[Task details]
Each line from the one containing "Boutique White Zip" through the last line of the data below should be printed exactly, please, with any pictures omitted.

Start of Exercise input

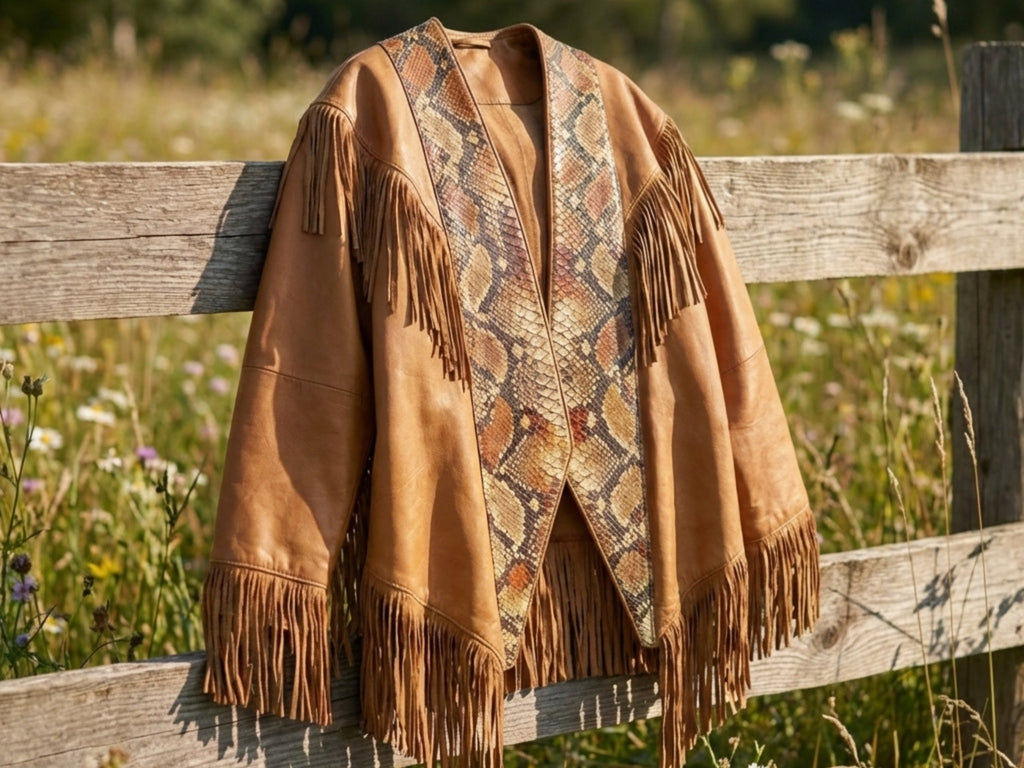 Outdoor view of brown fringe cape jacket with snakeskin-print front panel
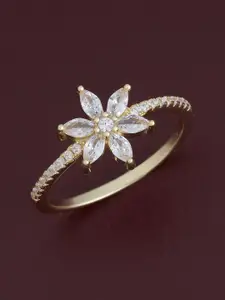 Kushal's Fashion Jewellery White Gold-Plated Party 92.5 Sterling Silver Finger Ring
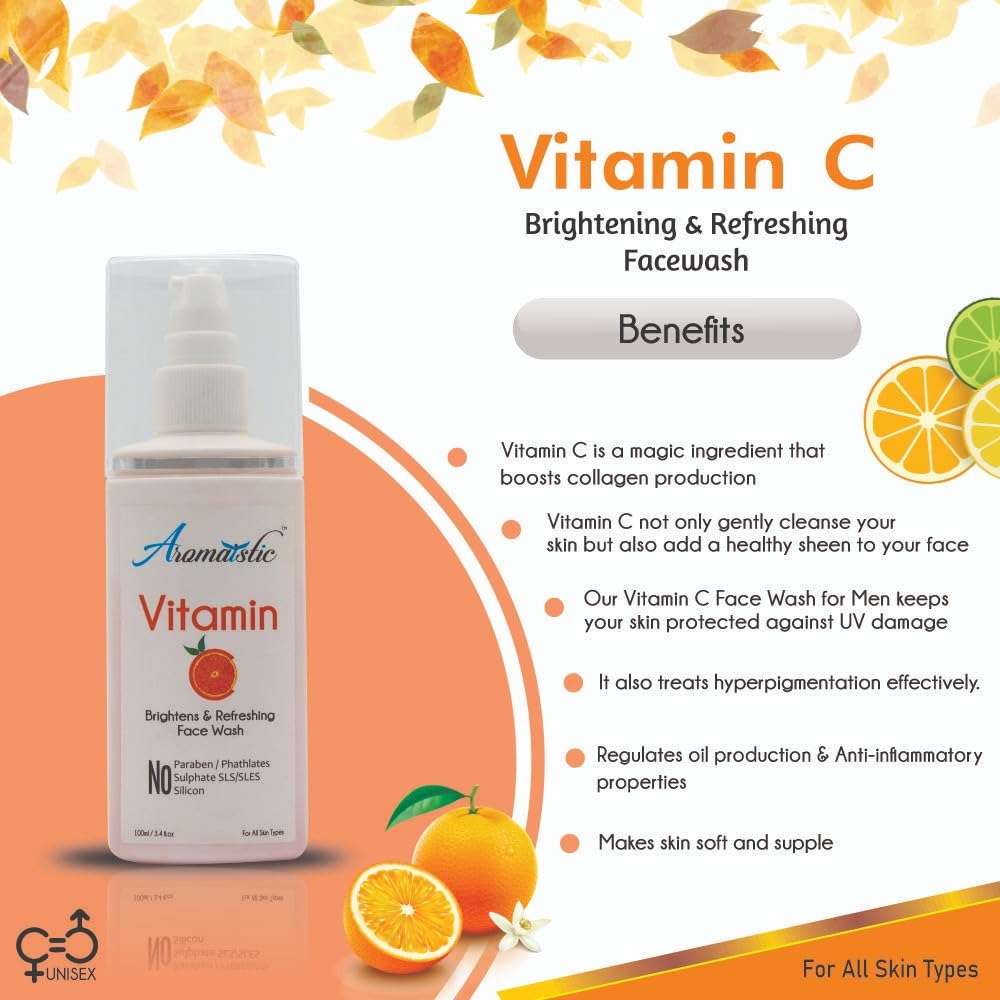 Vitamin C & Niacinamide Face Wash for Men & Women - Brightening, Acne Removal, Anti-Aging & Wrinkle Control - Paraben & Sulfate Free Cleanser for Dry Skin - Perfect for Daily Skincare Routine & Glowing Complexion
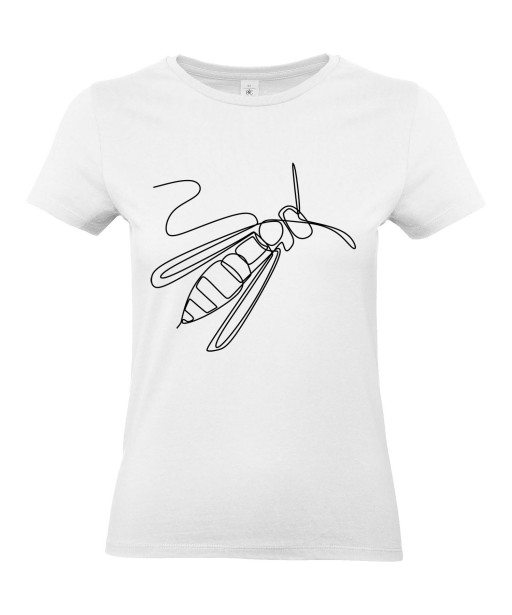 T-shirt Femme Ligne Guêpe [Graphique, Design, Ligne, Trait, Animaux] T-shirt Manches Courtes, Col Rond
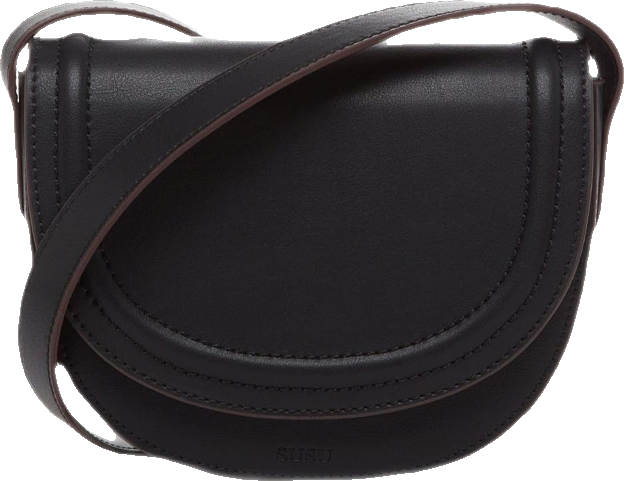 Black Leather Saddle Bag Women s Crossbody Purse with Flap Closure and Adjustable Strap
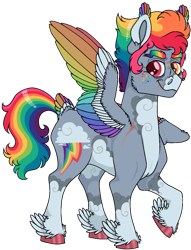 Size: 823x1077 | Tagged: safe, artist:possumtots, rainbow dash, pegasus, pony, g4, alternate design, cloud pattern, coat markings, colored ears, colored hooves, colored wings, feathered ears, feathered fetlocks, female, freckles, heterochromia, mare, multicolored wings, older, older rainbow dash, pale belly, rainbow eyebrows, rainbow wings, raised hoof, redesign, scar, simple background, solo, tail, tail feathers, transparent background, wings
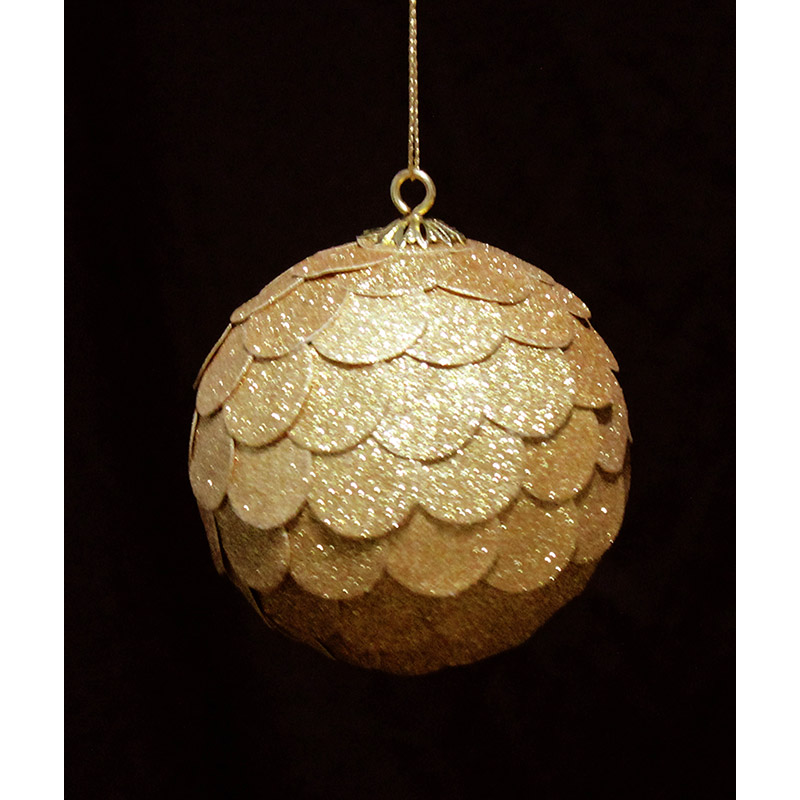 en_ny0070 Шар новогодний декоративный paper ball, золотой EnjoyMe  - Вид №2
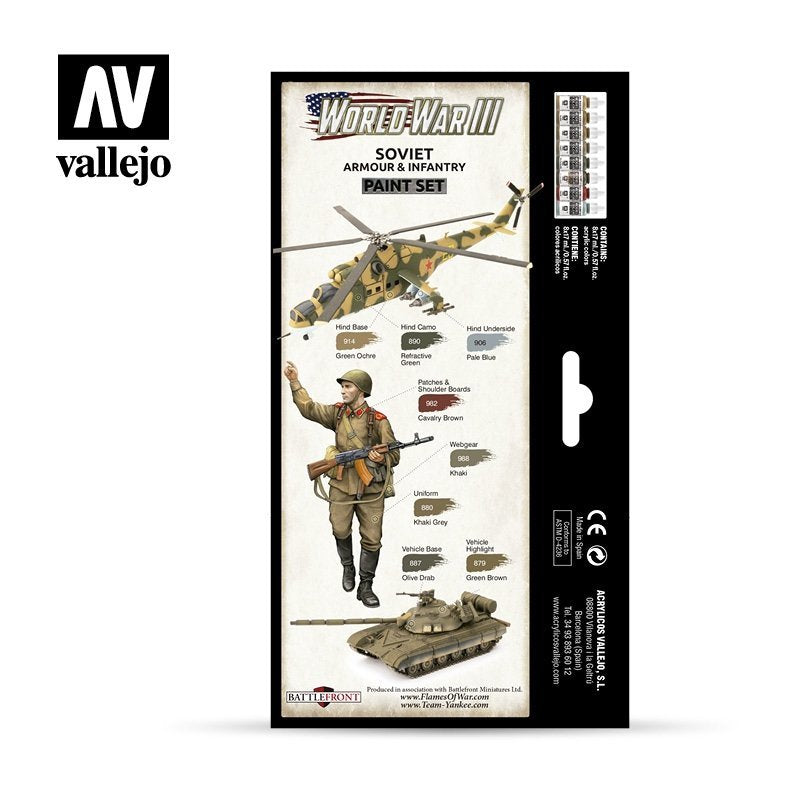 Vallejo 70221 World War III Soviet Armour & Infantry Paint Set – tył pudełka z schematem malowania: Mi-24 Hind, żołnierz i czołg T-72 z przypisaniem kolorów do elementów, Vallejo
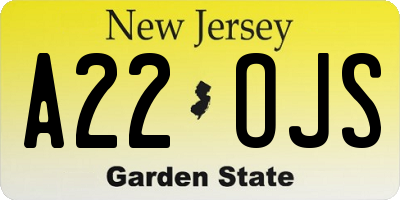 NJ license plate A22OJS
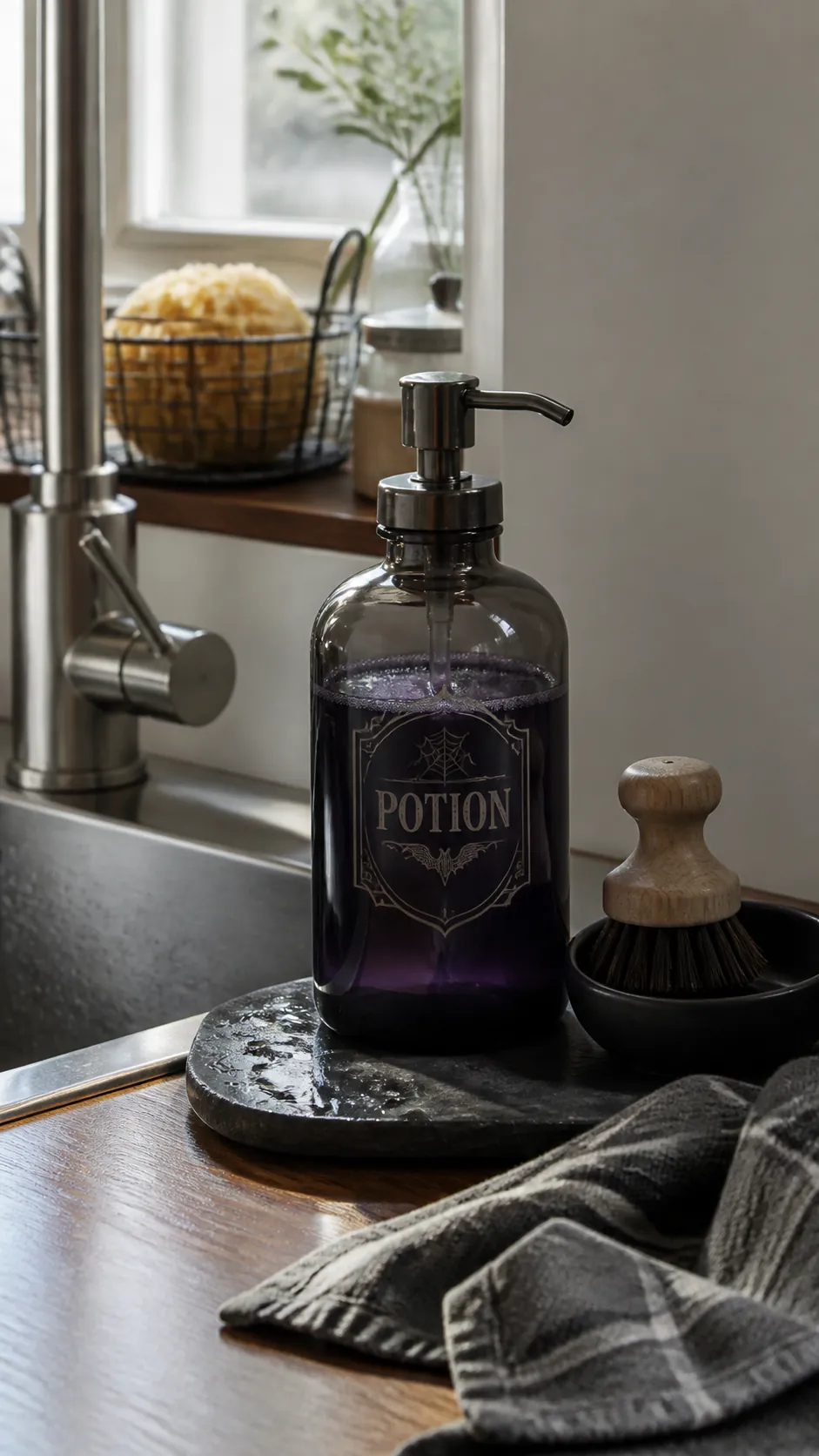 Potion bottle soap dispenser at a Halloween kitchen sink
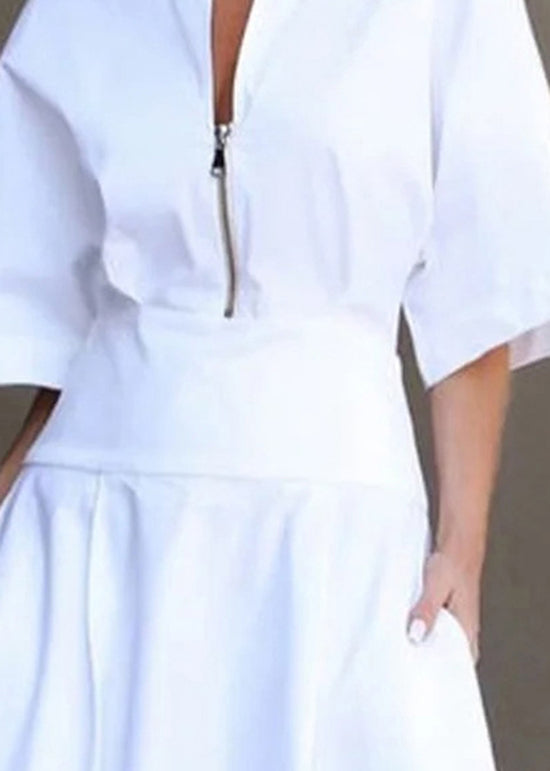 Boutique White Zip Up Pockets Patchwork Cotton Dresses Summer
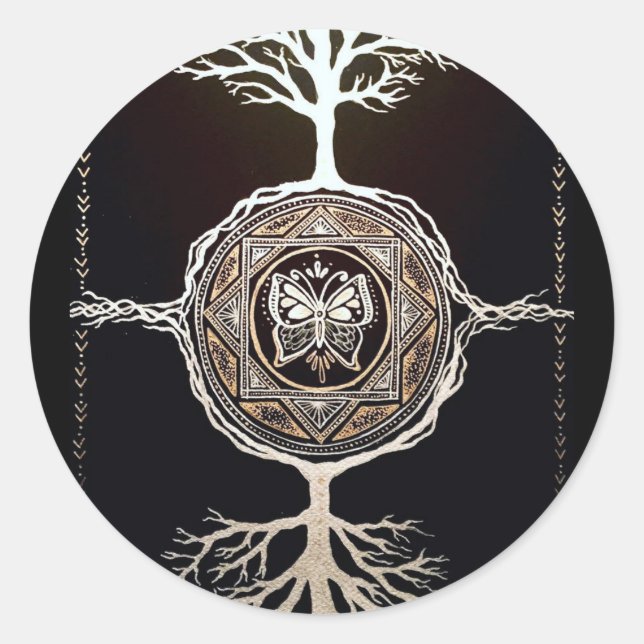 Pegatina Redonda Árbol de mariposas Mandala (Anverso)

End of Exercise input

[The completed task]
 Boutique White Zip Up Pockets Patchwork Cotton Dresses Summer
 Pegatina Redonda Árbol de mariposas Mandala (Anverso)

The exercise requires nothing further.